Sunday, April 15, 2012

Songji Ancient Town

Spring continues here in YC and we spent the weekend exploring a few things that we had heard about here and there. First of all, I've been experimenting with making some less garish HDR pictures. I'd been wanting to get a photo that looked like what my eyes see from our apartment window in the evening light... but somehow it always just came out looking like a grubby bunch of concrete buildings. Finally, with the help of some clear sky and HDR processing the full beauty (?) of suburban Yongchuan as seen in my brain can be revealed:

It looks like this in my brain, if not in reality
On Friday we learned that the circus had quite literally come to town. Entertainment is pretty scarce around here, so we went to check it out. Sadly my fears of doped-up ferocious animals being interfered with for our viewing pleasure were founded and China really is the land that animal rights forgot.
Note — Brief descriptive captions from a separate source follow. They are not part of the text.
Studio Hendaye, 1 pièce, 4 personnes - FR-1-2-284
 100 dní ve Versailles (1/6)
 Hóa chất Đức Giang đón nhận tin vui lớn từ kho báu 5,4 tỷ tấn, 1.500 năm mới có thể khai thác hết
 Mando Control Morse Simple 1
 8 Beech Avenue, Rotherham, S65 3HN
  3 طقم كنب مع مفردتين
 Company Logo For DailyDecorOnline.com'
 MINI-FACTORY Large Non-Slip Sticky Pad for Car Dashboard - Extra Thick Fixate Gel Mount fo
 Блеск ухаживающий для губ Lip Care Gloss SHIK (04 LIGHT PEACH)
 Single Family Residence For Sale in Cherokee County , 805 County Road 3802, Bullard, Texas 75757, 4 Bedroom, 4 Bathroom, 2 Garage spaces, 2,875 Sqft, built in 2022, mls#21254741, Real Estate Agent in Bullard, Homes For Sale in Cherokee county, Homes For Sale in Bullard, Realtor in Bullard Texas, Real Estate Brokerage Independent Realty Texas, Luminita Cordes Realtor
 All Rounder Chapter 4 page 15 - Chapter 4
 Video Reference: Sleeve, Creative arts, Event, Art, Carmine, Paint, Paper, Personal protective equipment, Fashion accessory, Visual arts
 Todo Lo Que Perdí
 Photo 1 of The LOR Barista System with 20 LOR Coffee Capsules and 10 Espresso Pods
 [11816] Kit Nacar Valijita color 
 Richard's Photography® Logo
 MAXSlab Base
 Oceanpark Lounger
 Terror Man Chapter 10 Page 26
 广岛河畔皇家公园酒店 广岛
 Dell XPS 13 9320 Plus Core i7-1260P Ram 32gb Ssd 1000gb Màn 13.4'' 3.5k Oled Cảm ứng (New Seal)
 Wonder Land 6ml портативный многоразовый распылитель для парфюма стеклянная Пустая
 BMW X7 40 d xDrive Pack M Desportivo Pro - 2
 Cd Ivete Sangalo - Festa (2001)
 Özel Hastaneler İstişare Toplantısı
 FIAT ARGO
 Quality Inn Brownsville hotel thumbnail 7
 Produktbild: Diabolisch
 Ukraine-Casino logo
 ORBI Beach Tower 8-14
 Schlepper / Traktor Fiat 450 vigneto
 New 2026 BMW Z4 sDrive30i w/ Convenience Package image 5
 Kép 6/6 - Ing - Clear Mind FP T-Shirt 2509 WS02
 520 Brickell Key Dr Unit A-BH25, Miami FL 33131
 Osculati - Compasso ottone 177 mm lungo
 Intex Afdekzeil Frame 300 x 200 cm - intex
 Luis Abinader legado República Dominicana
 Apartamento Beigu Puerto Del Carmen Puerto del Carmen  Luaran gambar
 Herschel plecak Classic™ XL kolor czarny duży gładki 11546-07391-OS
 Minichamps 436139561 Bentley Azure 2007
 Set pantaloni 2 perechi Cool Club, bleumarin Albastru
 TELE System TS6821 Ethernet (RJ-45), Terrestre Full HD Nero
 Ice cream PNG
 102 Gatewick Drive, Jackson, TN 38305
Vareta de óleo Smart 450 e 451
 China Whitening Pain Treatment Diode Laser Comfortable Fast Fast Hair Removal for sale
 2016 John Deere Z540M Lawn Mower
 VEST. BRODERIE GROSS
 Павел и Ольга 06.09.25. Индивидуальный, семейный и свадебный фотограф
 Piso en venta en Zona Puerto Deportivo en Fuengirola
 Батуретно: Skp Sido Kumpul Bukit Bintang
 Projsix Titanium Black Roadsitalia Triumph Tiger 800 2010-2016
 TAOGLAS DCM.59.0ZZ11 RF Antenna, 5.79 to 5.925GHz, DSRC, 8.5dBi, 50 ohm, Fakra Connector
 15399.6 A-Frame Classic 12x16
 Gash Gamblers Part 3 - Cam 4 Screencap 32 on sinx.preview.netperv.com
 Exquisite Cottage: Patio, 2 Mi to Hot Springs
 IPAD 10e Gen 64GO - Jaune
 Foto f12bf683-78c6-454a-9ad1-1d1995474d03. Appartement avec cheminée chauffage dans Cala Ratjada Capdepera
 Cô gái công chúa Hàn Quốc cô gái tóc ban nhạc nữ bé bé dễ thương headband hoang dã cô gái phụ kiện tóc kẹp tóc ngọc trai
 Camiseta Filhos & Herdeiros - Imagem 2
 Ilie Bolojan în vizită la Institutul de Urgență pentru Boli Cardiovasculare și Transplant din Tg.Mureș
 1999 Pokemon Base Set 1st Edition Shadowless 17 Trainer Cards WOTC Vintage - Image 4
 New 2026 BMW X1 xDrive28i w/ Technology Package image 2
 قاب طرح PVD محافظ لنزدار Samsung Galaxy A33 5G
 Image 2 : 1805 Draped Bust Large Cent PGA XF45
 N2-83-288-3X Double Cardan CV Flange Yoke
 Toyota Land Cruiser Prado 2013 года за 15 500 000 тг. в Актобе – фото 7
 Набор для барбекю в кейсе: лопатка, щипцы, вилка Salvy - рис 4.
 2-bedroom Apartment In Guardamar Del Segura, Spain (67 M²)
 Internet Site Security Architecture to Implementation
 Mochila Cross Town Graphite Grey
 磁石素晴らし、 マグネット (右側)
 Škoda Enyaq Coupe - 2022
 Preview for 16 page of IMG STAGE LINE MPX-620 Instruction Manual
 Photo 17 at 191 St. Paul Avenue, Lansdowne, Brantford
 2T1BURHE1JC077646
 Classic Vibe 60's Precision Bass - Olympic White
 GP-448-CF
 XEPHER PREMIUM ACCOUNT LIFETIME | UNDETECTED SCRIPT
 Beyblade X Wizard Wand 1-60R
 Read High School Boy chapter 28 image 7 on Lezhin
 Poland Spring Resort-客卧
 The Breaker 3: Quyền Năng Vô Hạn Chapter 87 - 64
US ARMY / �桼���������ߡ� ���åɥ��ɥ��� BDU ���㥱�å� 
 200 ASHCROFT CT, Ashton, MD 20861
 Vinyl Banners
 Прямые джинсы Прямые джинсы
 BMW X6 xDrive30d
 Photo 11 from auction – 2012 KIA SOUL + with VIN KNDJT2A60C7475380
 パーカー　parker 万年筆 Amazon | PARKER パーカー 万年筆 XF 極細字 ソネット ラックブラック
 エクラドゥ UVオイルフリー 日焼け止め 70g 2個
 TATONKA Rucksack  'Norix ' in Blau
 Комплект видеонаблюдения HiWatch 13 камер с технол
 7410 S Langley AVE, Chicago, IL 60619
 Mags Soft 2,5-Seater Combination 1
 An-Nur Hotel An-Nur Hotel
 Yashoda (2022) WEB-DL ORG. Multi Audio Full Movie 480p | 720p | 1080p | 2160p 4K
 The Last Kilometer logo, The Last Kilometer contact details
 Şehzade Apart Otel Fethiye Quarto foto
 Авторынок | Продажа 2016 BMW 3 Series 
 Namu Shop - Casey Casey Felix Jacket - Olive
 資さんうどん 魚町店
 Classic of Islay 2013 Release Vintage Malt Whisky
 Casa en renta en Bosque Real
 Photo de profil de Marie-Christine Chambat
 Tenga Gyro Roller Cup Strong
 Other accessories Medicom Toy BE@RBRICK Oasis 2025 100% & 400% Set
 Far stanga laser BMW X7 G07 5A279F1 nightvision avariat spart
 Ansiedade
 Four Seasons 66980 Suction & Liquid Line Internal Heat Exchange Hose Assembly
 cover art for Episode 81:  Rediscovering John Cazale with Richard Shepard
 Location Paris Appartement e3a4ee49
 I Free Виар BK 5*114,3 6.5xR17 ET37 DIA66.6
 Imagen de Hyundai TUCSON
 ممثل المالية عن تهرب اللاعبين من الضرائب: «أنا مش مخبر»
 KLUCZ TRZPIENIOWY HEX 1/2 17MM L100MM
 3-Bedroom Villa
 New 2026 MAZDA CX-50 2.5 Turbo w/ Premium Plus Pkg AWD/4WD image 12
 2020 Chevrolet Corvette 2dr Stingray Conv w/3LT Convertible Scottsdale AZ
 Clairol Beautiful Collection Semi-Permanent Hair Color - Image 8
On the positive side, the acrobats performed some death-defying (literally) feats high above the concrete floor on bamboo poles and swinging metal contraptions. The only animal act that I didn't feel so bad about was the small-monkey-doing-a-handstand-on-an-elderly-goat-balancing-on-a-podium trick. That's a new one to me.

That's entertainment.
I'd read about Songji town on someone's blog (see, they can be useful) and we finally got around to visiting on Sunday. A couple of hours country-road bike riding got us there and we found what we were looking for without too much trouble. Since the original blogger's visit in 2009 things have moved on a bit and there were quite a few signs (in English!) to tell us what we were looking at.

A Songji tractor. Different to a Chelsea tractor.
Water street
More HDR fun with some roof tiles
Whilst getting on with the usual struggle of ordering some food in a street restaurant, we heard the welcome words "Can I help you?". This is how we met "Tremor", a young college instructor from Yongchuan who was keen to practice his English with us. In a deal that I still don't understand, he paid for our lunch in return for him helping us order it. We chatted for a while and walked together with his students down to the town beach (of sorts) on the Yangtze. Whilst the Mother River isn't the cleanest, people were enjoying paddling in the fast flowing shallows, flying kites, and watching the ships race by in the current. The sun had come out and we enjoyed a very springlike ride back to Yonchuan, through the sprouting rice fields.